New Yorker by birth, shipped across the globe to the world of malls, shanty-towns, patronage, corruption, basketball and a curious burnt-toast smell that wafts around at dusk

Wednesday, June 13, 2007

Xavierville and Environs


Here at Manila Vanilla, we pride ourselves in being on the cutting edge of multimedia technology. That's why we're a whole two years behind on getting hooked up with Google Earth, which allows you to look at satellite images of just about any place in the world and interact with the images in neat ways.

Click on this image to see the full size tour of my immediate surroundings in Loyola Heights, Quezon City.
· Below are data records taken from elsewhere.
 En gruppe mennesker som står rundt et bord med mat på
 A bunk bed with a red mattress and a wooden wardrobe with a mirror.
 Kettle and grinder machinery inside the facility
My stomping grounds extend beyond this three-block radius, but these are some of the vital parts of my life in the area near my house inside the Xavierville subdivision.
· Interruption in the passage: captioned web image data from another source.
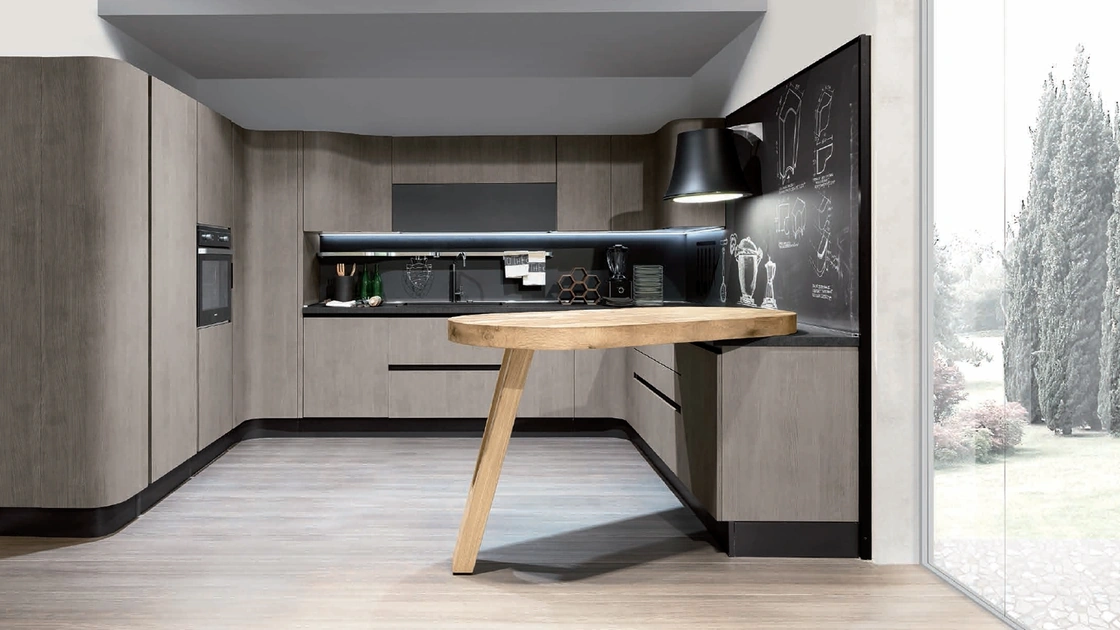 Cucina Design angolare con penisola Penelope in natural Ash con piano snack in ulivo massello di Aran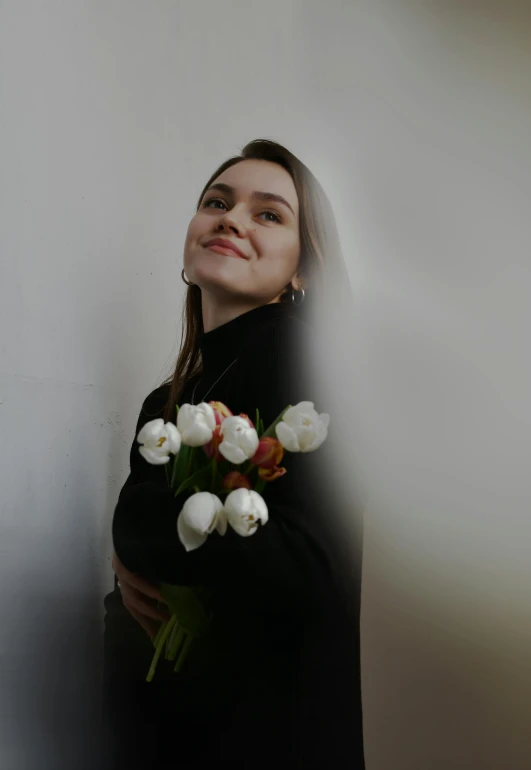 a woman with a bouquet of white flowers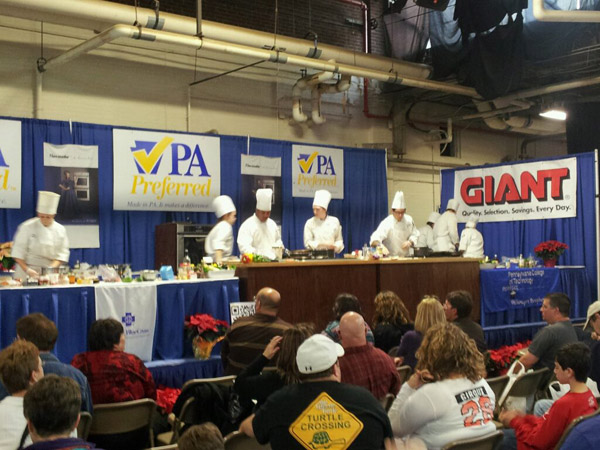 School of Hospitality students, in constant motion on the Department of Agricultures PA Preferred Culinary Connection cooking stage.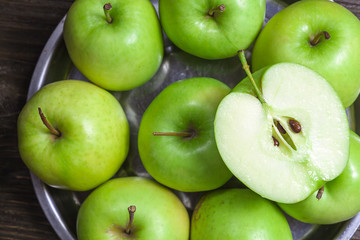 ripe green apples and apple slices on wooden gray background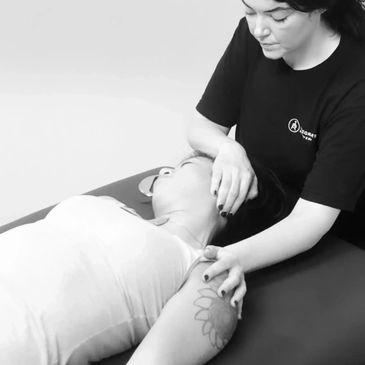 Massage Therapist stretching client's neck who is experiencing neck pain after working out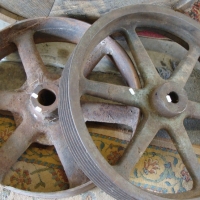 2 x large heavy cast iron wheels - Sold for $61 2014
  • Rafe's House -- This spacious townhouse comes with a downstairs kitchen, well-stocked with cockroaches, two bedrooms, two semi-functioning bathrooms, and two glory holes.
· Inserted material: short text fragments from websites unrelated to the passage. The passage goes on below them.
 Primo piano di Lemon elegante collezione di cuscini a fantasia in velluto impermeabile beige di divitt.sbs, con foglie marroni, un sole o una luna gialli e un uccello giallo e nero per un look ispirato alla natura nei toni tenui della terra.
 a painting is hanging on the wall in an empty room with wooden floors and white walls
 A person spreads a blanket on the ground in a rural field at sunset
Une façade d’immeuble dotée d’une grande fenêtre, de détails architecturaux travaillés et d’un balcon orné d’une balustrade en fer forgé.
  • Kuya Mike's Tindahan -- The cheapest sari sari store on Rosa Alvero Street. When the others charge 38 pesos for a 1.5-liter bottle of Coke Light, Mike's will only ask 36. The low, low prices draw a splendid crowd of frugal "tambays" -- basically loiterers in English -- who sit on tiny plastic chairs and pass around a blue plastic cup of beer. The characters change, but the cup remains. Shouts to Noy, Ping and Jhun, who taught me to open bottles in my teeth here, and Chairman Effren Gallardo of the Loyola Pansol Toda tricycle drivers association, who has dropped science on me several times on Kuya Mike's stoop.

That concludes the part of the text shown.